■ EXERCISE DESCRIPTION:
The data must be reproduced verbatim; images are to be omitted.

■ RECORDED DATA:

»»

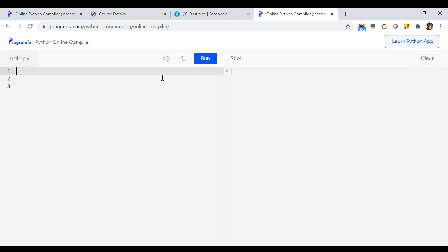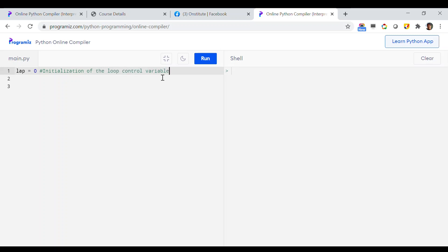So first, what do we need to do? We have to initialize the race. That means we are initializing the race from lap 0. So I need to take a variable called `lap` and initialize it to 0. This is basically called initialization of the loop control variable. In our case, this variable is called `lap`, which keeps track of the lap count every time.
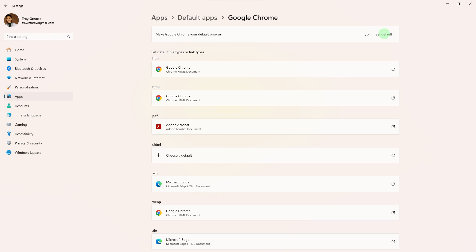Once you've selected the new default browser, the mark checked will be shown. You can close the settings app.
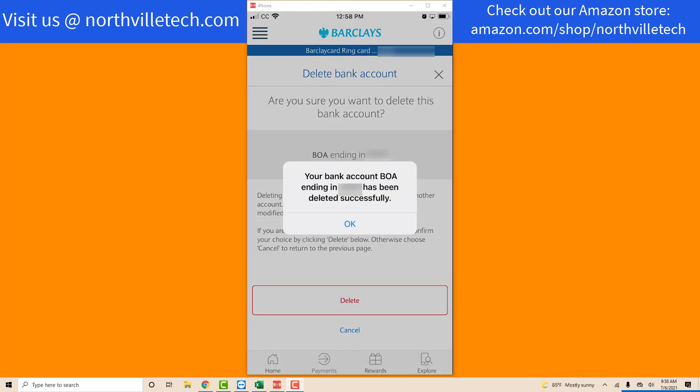Now you will see a message which says your bank account has been deleted successfully. That's how you delete an external bank account from the BarclayCard app.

««

■ RESPONSE TO THIS TASK:
So first, what do we need to do? We have to initialize the race. That means we are initializing the race from lap 0. So I need to take a variable called `lap` and initialize it to 0. This is basically called initialization of the loop control variable. In our case, this variable is called `lap`, which keeps track of the lap count every time.
Once you've selected the new default browser, the mark checked will be shown. You can close the settings app.
Now you will see a message which says your bank account has been deleted successfully. That's how you delete an external bank account from the BarclayCard app.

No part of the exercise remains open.